Rheumatoid Arthritis Clinical Trial

— T2TRAonSSDM  

Official title:

The Treat-to-target Study of Rheumatoid Arthritis Based on Smart System of Disease Management(SSDM) : A Randomized Controlled Multicenter Trial

Clinical Trial Details — Status: Recruiting

Administrative data

• NCT number: NCT03715595
• Other study ID #: 2018PHB065-01
• Status: Recruiting
• Phase: N/A
• Start date: November 1, 2018
• Est. completion date: June 29, 2020

Study information

• Verified date: June 2020
• Source: Peking University People's Hospital
• Contact: Zhanguo Li, Doctor
• Phone: 86-10-88324178
• Email: fiona_leechun[@]163.com
• Is FDA regulated: No
• Study type: Interventional

Clinical Trial Summary

This study evaluate the Smart System of Disease Management（SSDM）to improve the treat-to-target(T2T) and the safety of drug in the treatment of rheumatoid(RA).
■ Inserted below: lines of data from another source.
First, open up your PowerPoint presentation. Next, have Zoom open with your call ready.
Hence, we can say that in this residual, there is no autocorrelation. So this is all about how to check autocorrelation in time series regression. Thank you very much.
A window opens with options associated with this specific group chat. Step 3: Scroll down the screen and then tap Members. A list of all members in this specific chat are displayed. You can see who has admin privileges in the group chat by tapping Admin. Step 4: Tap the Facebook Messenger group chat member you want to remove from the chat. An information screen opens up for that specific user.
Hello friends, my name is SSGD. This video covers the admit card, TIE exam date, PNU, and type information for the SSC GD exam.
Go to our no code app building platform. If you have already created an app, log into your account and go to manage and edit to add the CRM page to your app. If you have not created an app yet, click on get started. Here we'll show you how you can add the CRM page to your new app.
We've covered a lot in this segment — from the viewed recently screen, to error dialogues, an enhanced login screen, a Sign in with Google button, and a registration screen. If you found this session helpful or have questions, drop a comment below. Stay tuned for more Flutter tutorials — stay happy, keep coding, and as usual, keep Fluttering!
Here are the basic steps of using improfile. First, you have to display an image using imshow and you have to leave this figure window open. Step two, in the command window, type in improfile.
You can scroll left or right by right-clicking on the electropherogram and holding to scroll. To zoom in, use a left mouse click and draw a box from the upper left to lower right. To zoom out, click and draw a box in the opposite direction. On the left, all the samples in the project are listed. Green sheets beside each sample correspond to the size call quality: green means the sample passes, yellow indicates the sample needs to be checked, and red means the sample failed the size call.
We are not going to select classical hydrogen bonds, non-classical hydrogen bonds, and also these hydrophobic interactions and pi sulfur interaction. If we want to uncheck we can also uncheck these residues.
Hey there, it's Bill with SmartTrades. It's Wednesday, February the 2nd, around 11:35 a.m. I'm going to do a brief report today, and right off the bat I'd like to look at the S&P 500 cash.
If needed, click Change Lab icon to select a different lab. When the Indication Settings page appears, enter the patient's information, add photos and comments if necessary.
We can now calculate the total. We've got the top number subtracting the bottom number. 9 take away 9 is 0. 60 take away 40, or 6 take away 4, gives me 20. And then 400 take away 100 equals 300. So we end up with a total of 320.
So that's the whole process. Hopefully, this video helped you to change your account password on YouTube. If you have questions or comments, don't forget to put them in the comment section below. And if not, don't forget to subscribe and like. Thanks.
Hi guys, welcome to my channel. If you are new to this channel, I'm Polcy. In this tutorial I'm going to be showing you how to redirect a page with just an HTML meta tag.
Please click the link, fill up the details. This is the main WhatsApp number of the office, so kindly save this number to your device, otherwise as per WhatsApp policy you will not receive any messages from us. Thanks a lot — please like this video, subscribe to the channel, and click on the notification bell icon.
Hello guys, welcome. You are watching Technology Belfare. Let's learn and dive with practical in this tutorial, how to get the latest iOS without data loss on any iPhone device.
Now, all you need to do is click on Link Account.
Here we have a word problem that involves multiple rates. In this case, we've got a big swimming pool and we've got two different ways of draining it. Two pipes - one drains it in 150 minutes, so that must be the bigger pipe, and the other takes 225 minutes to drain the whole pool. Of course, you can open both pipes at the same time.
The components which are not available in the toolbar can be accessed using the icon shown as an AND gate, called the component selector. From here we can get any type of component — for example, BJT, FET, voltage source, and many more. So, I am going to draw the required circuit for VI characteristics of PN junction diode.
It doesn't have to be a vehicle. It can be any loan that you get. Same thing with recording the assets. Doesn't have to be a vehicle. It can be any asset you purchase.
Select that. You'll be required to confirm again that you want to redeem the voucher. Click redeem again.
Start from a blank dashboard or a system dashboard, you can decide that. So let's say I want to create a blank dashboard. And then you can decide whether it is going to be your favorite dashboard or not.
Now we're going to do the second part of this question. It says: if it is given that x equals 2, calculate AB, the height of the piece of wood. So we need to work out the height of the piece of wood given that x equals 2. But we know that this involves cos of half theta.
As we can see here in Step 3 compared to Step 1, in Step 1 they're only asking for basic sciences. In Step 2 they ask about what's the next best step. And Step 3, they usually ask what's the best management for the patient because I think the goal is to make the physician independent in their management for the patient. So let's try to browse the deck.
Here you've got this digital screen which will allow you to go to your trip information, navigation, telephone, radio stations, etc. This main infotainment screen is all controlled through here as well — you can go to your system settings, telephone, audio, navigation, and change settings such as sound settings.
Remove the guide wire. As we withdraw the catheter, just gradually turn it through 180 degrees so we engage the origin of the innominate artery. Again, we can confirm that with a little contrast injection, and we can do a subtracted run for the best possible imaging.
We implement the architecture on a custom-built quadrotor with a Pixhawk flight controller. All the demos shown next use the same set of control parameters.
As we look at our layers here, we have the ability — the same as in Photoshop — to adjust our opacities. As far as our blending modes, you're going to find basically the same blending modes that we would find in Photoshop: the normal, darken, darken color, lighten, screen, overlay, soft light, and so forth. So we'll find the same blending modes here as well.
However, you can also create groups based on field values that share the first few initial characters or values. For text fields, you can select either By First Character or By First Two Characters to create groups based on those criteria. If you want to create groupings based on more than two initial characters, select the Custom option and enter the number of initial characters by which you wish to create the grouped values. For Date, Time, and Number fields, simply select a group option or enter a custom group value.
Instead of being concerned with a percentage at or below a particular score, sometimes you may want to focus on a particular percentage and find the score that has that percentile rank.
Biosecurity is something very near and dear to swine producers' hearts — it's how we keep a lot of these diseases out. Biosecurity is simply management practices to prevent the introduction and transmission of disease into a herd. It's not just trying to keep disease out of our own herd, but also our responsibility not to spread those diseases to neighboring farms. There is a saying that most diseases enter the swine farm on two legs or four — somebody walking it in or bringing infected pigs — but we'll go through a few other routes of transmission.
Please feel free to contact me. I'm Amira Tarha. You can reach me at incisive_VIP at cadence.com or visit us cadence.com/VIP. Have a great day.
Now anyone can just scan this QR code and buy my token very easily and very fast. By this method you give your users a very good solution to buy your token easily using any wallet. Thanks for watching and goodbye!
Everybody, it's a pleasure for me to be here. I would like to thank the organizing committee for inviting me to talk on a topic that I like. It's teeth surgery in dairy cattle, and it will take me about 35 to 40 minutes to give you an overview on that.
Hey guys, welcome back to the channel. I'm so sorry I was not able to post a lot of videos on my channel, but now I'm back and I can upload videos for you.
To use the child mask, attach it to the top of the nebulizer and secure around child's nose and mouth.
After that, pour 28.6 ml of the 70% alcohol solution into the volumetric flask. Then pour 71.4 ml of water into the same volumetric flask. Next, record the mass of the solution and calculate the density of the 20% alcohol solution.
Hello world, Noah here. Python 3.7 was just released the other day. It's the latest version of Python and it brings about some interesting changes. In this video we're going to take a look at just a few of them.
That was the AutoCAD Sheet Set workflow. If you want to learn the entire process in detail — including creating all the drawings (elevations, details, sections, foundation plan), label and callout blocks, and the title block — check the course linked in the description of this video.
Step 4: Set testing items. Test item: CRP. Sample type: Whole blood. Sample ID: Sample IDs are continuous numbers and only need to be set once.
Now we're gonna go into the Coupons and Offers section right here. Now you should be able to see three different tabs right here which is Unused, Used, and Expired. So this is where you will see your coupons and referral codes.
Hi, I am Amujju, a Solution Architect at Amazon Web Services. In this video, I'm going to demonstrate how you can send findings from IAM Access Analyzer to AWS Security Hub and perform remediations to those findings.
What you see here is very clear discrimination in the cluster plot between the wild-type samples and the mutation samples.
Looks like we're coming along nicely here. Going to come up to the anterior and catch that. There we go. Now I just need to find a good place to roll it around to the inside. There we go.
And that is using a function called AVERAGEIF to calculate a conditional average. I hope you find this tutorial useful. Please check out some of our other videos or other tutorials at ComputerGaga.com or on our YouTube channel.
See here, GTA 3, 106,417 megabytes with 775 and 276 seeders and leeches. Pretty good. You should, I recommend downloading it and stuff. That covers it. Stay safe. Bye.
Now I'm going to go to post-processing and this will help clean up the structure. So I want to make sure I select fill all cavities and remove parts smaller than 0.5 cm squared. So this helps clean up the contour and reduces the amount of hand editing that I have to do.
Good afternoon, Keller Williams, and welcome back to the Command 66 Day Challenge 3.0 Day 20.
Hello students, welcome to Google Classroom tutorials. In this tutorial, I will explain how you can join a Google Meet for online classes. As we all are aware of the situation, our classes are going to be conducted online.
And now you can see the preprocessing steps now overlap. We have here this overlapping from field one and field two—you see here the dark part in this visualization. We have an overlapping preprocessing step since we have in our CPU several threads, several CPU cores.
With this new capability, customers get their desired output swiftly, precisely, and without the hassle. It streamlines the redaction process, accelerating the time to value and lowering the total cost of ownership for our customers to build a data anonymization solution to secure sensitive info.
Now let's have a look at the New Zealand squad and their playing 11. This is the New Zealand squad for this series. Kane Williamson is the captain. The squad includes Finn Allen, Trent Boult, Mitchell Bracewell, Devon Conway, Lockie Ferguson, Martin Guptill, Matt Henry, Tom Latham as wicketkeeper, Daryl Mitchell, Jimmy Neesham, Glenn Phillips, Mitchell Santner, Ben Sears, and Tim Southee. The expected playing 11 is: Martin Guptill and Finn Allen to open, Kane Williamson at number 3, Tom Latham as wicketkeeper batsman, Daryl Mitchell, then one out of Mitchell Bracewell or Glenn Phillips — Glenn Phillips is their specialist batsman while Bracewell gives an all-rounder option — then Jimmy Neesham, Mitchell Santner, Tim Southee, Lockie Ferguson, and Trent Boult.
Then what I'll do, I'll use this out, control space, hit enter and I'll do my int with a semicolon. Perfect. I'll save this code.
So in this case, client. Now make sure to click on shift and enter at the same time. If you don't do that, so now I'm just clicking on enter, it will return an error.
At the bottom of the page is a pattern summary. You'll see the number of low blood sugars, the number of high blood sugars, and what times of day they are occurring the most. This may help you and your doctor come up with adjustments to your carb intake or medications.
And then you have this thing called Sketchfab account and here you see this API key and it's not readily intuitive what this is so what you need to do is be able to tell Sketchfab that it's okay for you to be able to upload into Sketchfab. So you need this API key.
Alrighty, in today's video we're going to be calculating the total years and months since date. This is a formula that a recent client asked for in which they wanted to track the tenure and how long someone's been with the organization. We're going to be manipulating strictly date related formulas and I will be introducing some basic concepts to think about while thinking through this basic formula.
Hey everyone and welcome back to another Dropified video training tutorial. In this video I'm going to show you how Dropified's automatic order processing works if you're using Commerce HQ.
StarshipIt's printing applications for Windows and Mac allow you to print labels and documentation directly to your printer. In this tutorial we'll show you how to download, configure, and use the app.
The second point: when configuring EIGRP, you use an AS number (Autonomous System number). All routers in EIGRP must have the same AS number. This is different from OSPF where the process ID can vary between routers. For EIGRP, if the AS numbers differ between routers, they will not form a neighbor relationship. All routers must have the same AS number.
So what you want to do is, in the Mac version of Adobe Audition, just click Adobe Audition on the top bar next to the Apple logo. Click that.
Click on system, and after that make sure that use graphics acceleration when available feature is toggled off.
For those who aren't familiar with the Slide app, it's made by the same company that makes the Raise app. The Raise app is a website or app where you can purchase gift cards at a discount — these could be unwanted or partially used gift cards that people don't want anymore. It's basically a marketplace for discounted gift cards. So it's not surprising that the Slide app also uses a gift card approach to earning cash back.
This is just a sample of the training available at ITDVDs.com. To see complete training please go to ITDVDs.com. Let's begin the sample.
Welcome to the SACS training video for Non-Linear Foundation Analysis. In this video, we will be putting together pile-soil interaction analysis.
All participants will be randomized in the SSDM group and the control group. The patients in the SSDM group will use the SSDM every month and the control group will receive the conventional therapy.

Description:

Treat-to-Target (T2T), achieving a DAS28 score lower than 2.6 (remission, Rem) or below 3.2 (low disease activity, LDA), is the main management strategy recommended by ACR and EULAR. The Smart System of Disease Management (SSDM) is an interactive mobile disease management tool, including the doctors' and patients' application system. The patients can perform self-evaluation, including DAS28, morning stiffness duration (MSD) and HAQ, and input medical records (including medication and laboratory test results) through the mobile application. The data synchronizes to the mobiles of authorized rheumatologists through cloud data base and advices could be delivered.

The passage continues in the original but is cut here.